**THE TASK**:
Verbatim copy, pictures excluded: every line from the one with "哺乳期化妆需谨慎 对宝宝有危害" through the final line of the data below, and no other line.

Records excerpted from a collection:
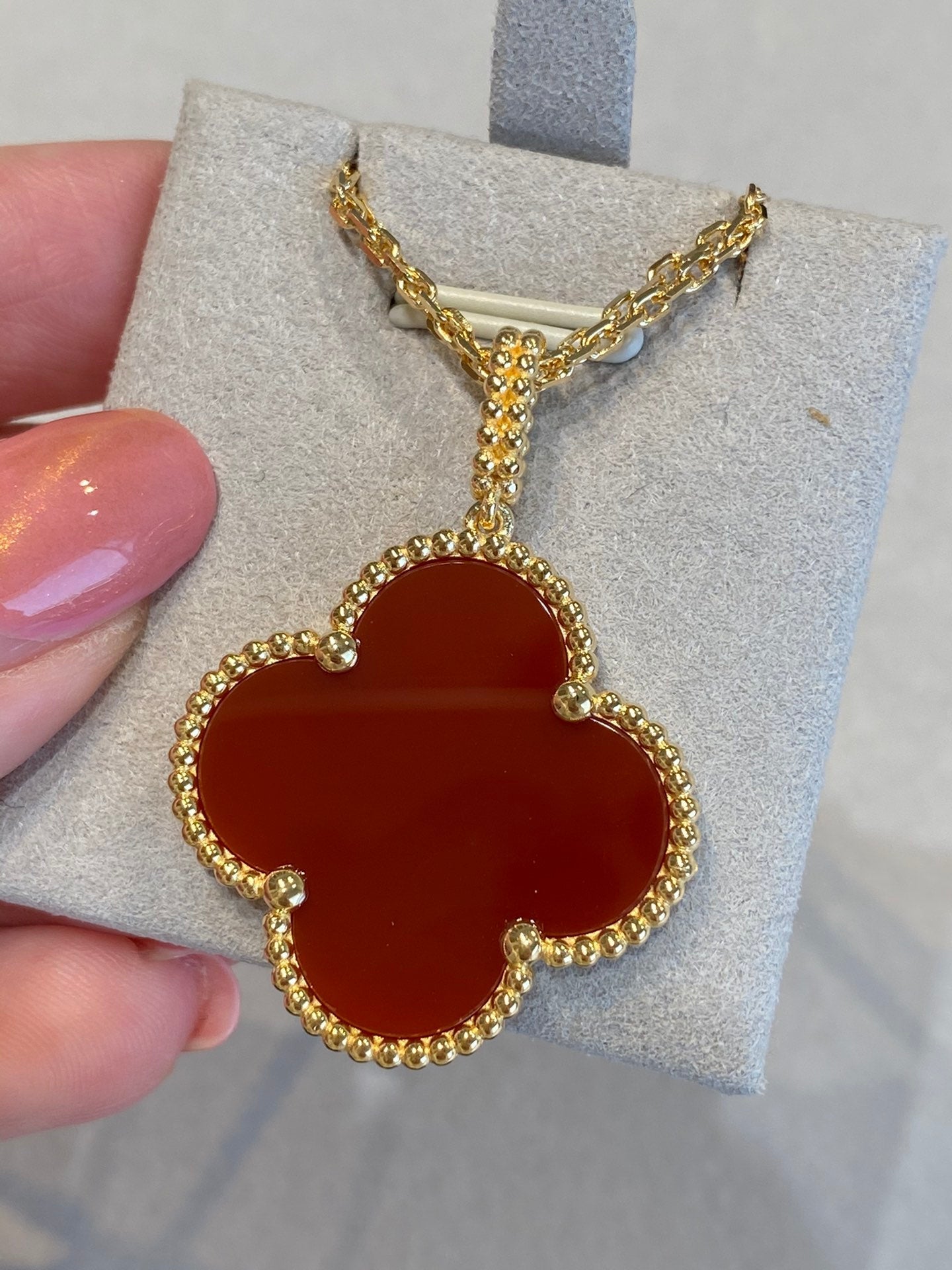 [BLUE TEARS]CLOVER 25MM NECKLACE GOLD CARNELIAN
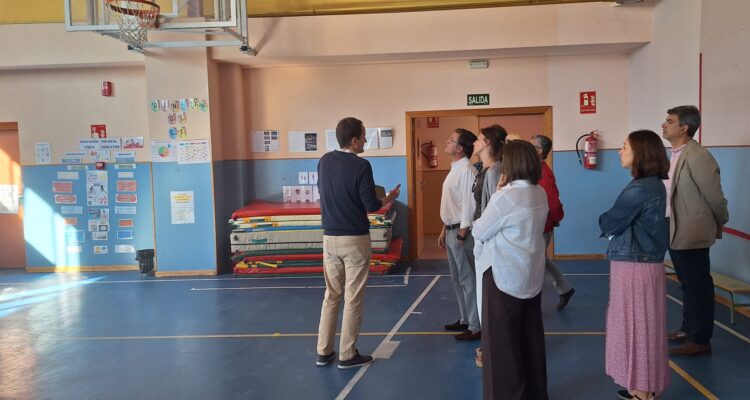 El concejal de Fuencarral-El Pardo en uno de los patios interiores del centro observando las mejoras tras las obras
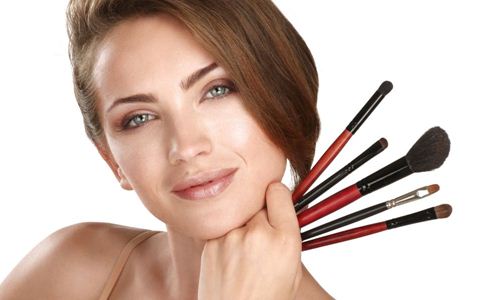 哺乳期化妆需谨慎 对宝宝有危害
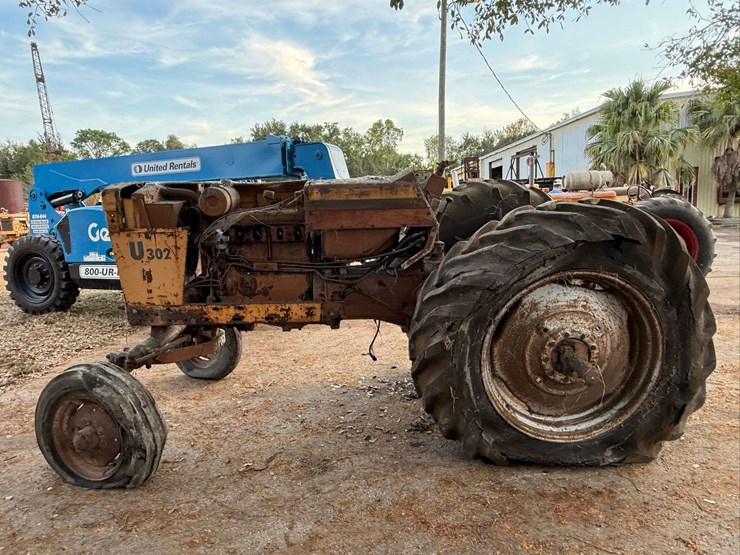 minneapolis-moline-u302-image-4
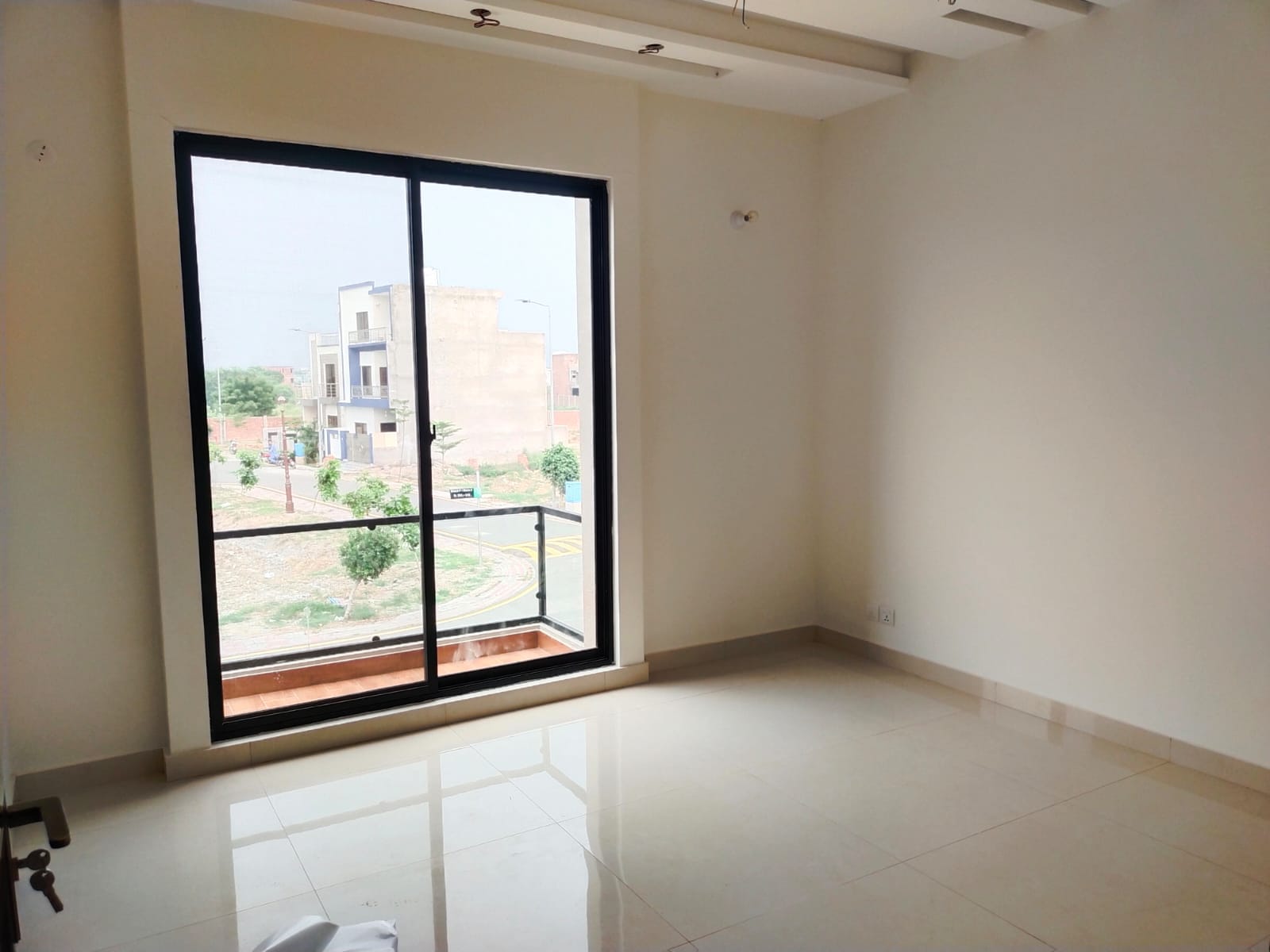5 Marla Luxury House for Sale in Dream Garden Defence Road Lahore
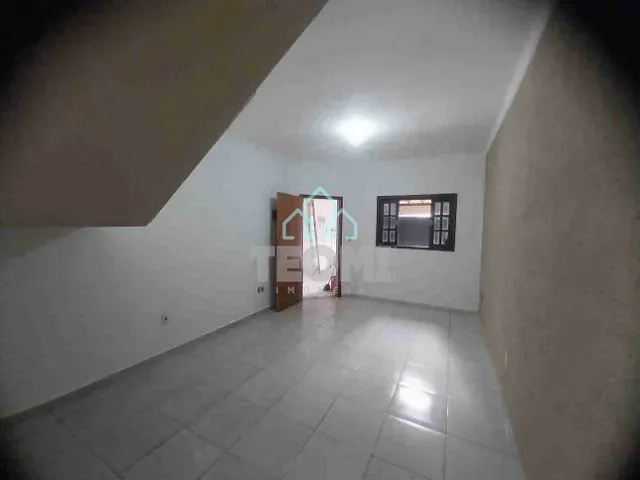 Casa 2 quartos e 1 banheiro, à venda, no bairro Jardim Continental II em Taubaté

**EXERCISE SOLUTION**:
 哺乳期化妆需谨慎 对宝宝有危害
 minneapolis-moline-u302-image-4
5 Marla Luxury House for Sale in Dream Garden Defence Road Lahore
 Casa 2 quartos e 1 banheiro, à venda, no bairro Jardim Continental II em Taubaté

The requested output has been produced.